Exercise objective –
With the pictures left out, print exactly the lines below that run from the one containing "Mosquiteras para Ventanas" through the one containing "Rainware Beach Solo".
——————
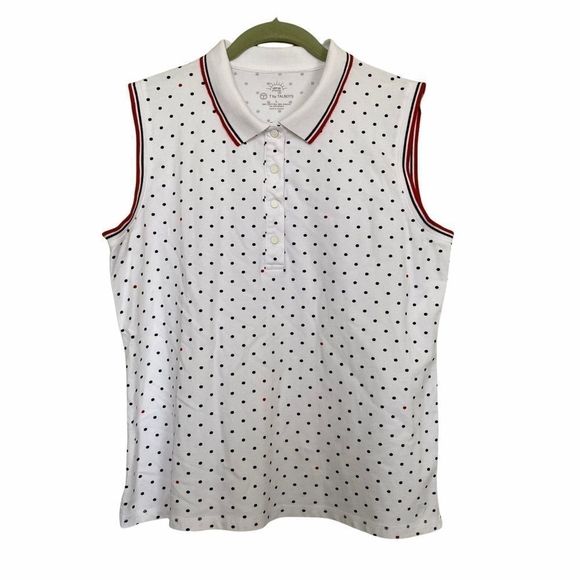T By Talbots Sz L Sleeveless Polka Dot Polo Top - Picture 1 of 8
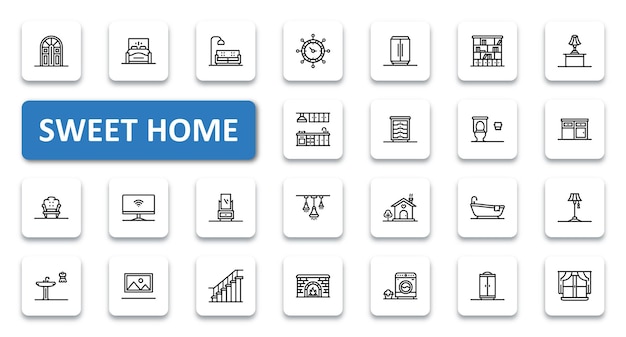 Sweet Home icon set vector illustration thin line outline icons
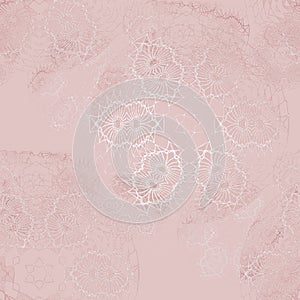 Seamless delicate floral pattern pink white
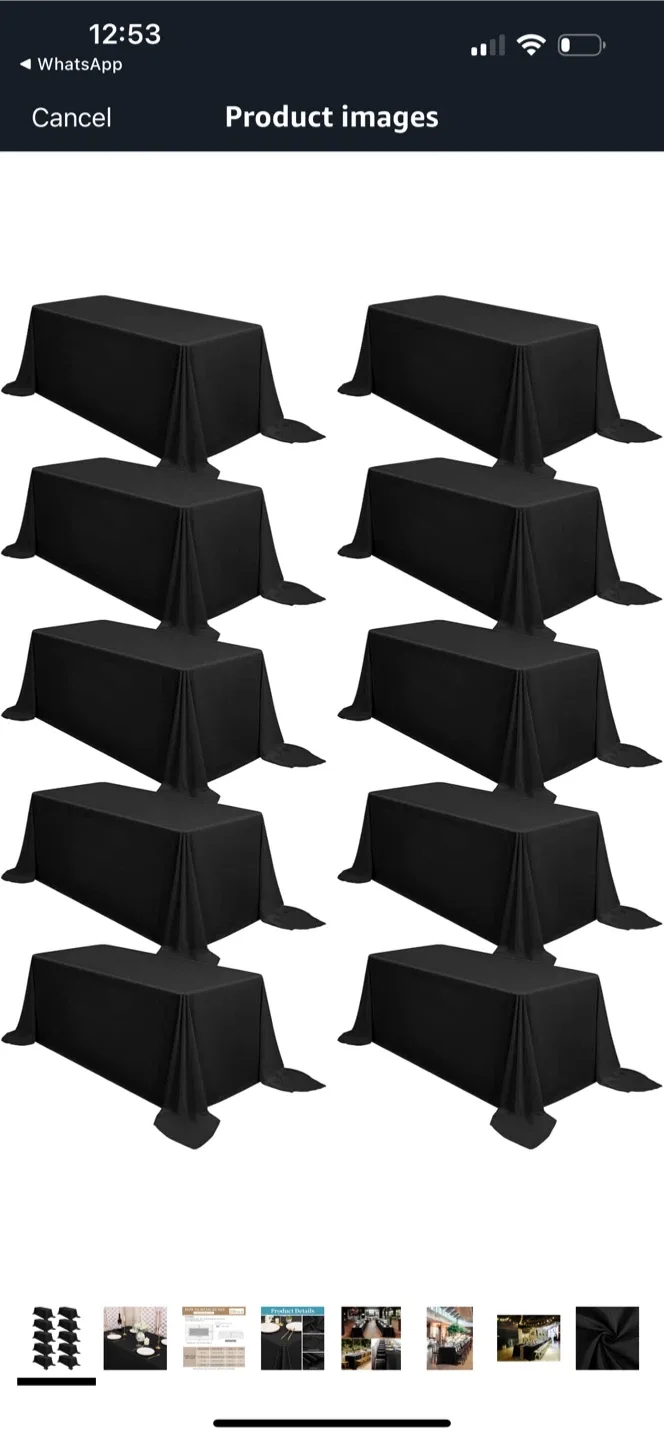 Black Tablecloth 90 x 156 inch - 10 Pack thumbnail
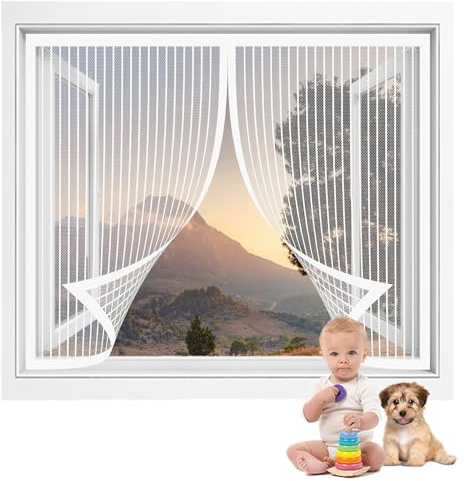 Mosquiteras para Ventanas Abatibles 123 x 180 cm sin Taladrar Cortina Mosquitera para Sala de Estar con Imanes Sellado Automaticamente para Habitación Salón Ventanas, Blanco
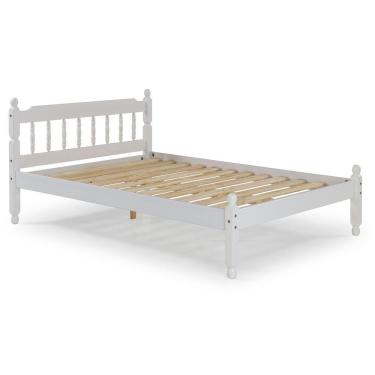 Imagem de Cama Casal Em Madeira Maciça Mv Outlet Branco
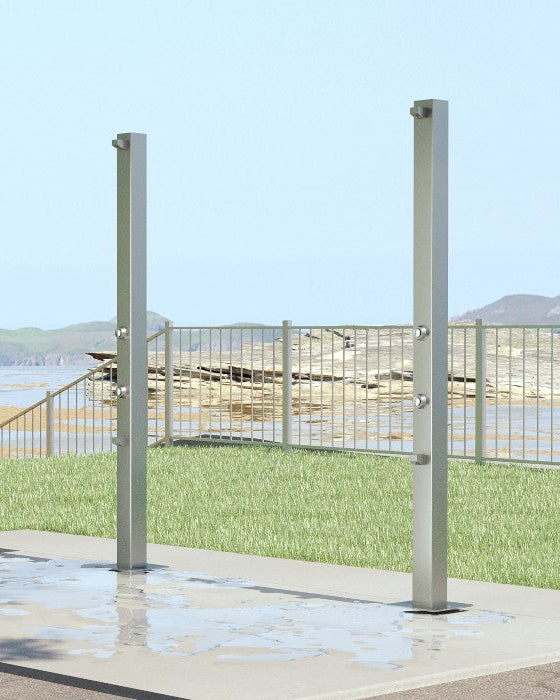 Rainware Beach Solo 5003 Commercial Outdoor Shower with Foot Wash – Vandal-Resistant Time-Flow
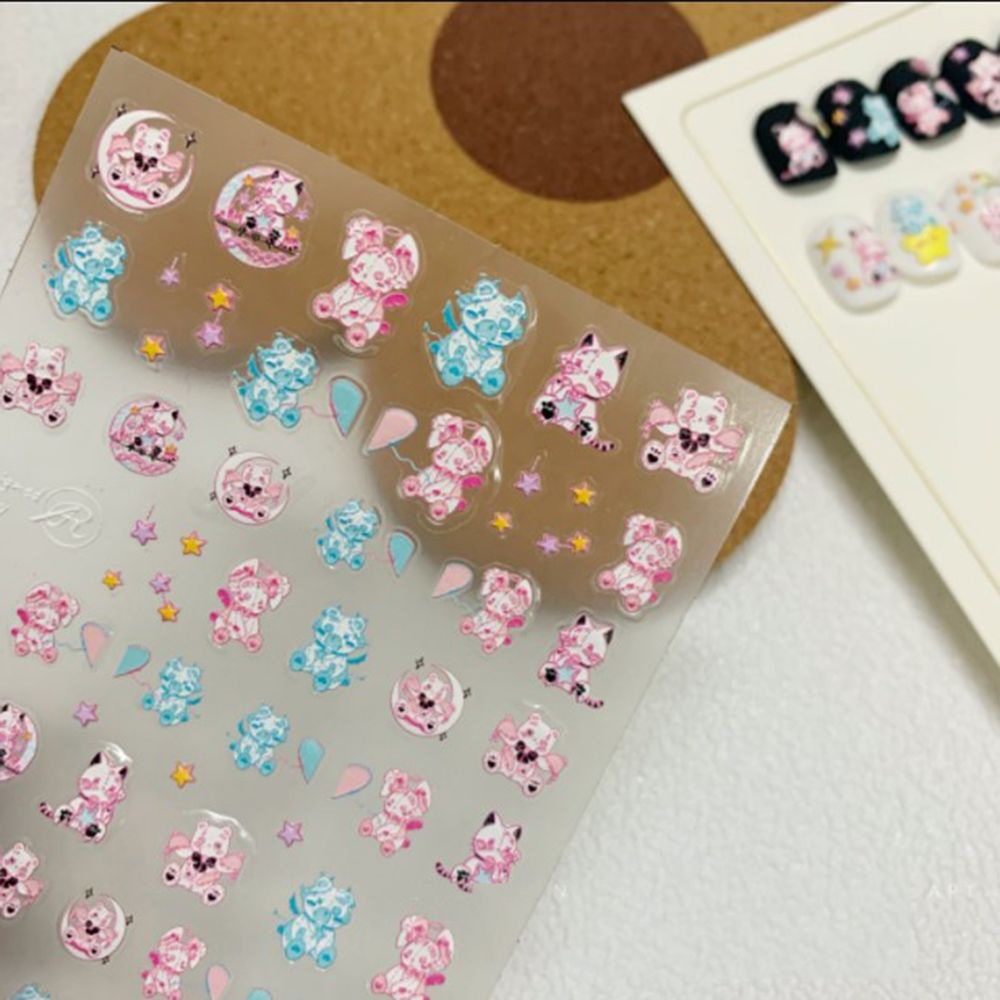 Stiker Kuku Motif Kartun Bunga 5D Dengan Perekat Untuk Dekorasi Nail Art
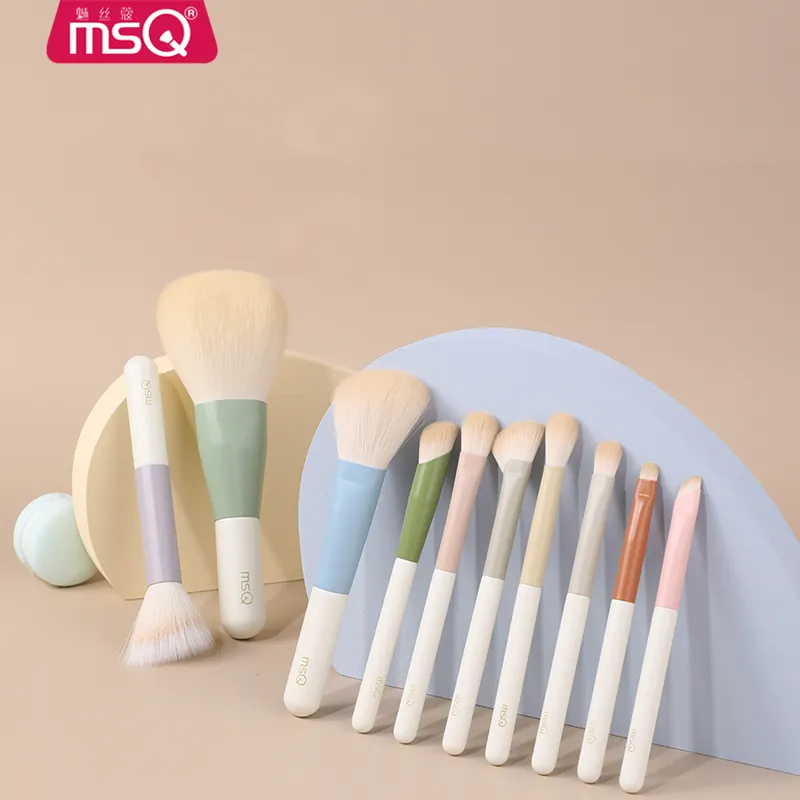 MSQ set kuas makeup mini Morandi, 10 buah tas portabel brochas maquillaje set kuas rias kecil lucu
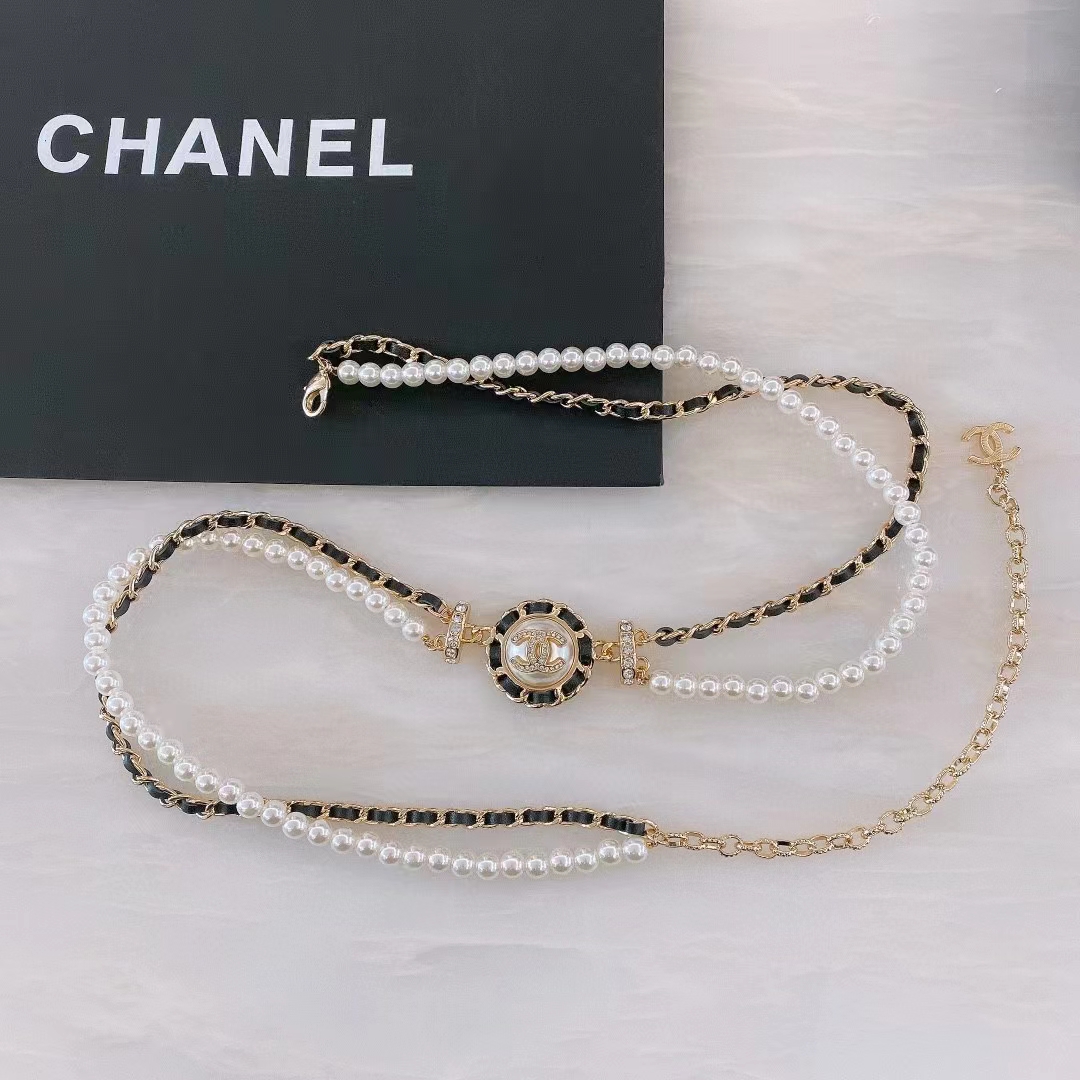 Chanel Women CC Chain Belt Calfskin Glass Pearls Black Pearly White Crystal Gold-Tone Metal Strass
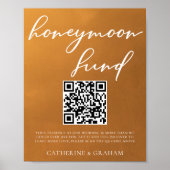 Rustic Gold Wedding Honeymoon Fund QR-code Poster (Voorkant)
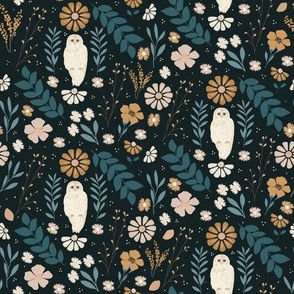 Medium Scale // Owls at Night in Flower Garden on Dark Teal Green
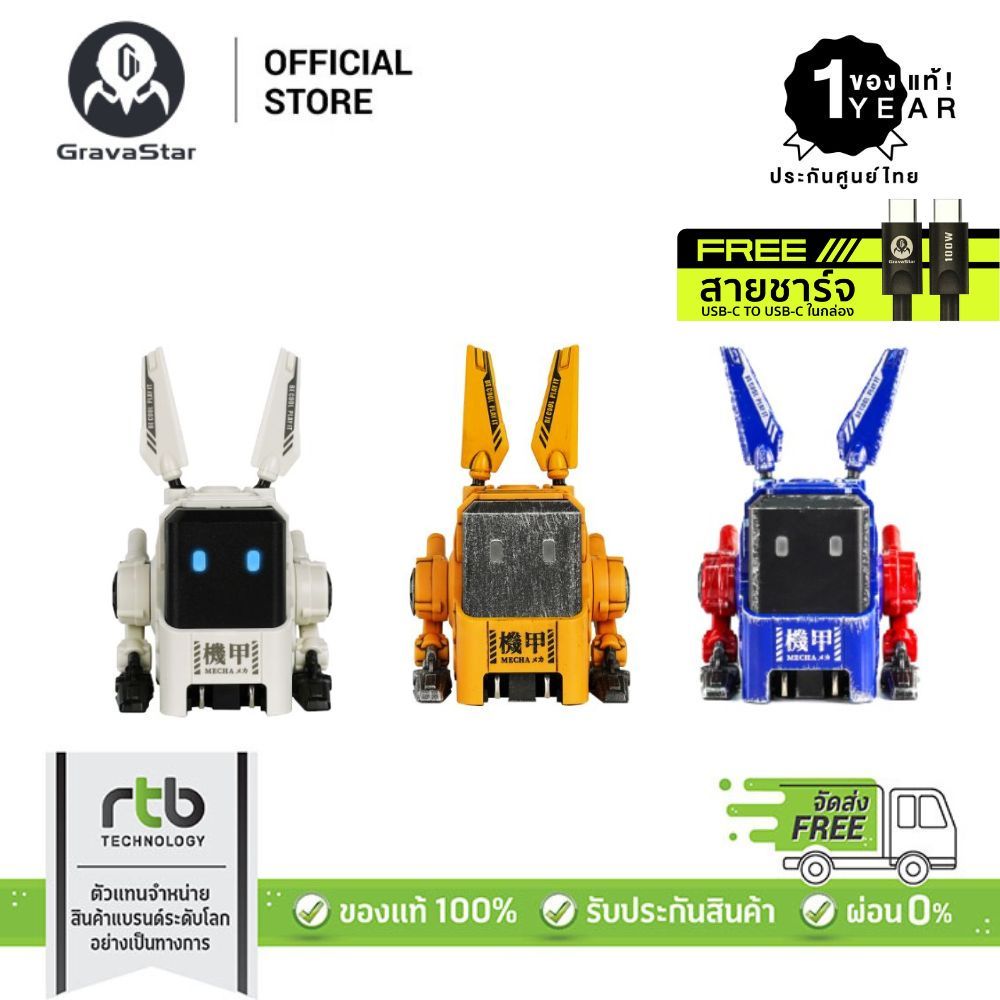 (ประกันศูนย์ไทย1ปี) GravaStar Alpha65 Fast Charger (GaN 65W) หัวชาร์จ 2C 1A 65W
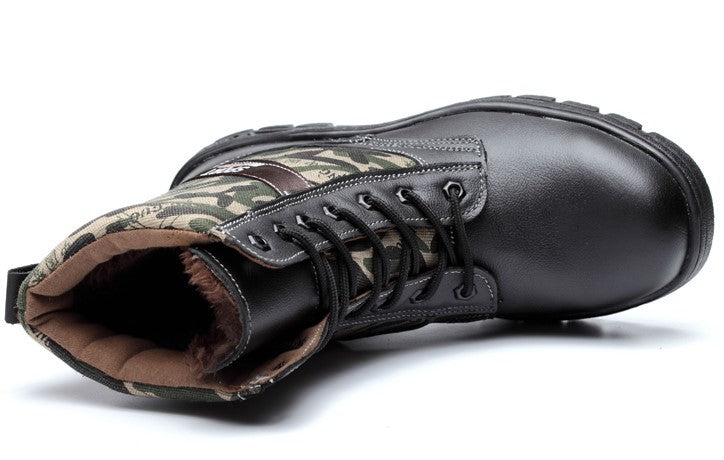 Factory direct labor safety shoes help camouflage winter high plus velvet cold warm comfortable anti smashing puncture proof shoes - iztia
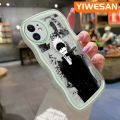 YIWESAN For OPPO A83 A59 Case Fashion Gojo Satoru Pattern Colorful Lovely Cream Wave Border Soft Clear Shockproof Phone Cases Creative Camera Transparent Casing Simple Gentle Protective Cover.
——————
Solved problem –
 Mosquiteras para Ventanas Abatibles 123 x 180 cm sin Taladrar Cortina Mosquitera para Sala de Estar con Imanes Sellado Automaticamente para Habitación Salón Ventanas, Blanco
 Imagem de Cama Casal Em Madeira Maciça Mv Outlet Branco
 Rainware Beach Solo 5003 Commercial Outdoor Shower with Foot Wash – Vandal-Resistant Time-Flow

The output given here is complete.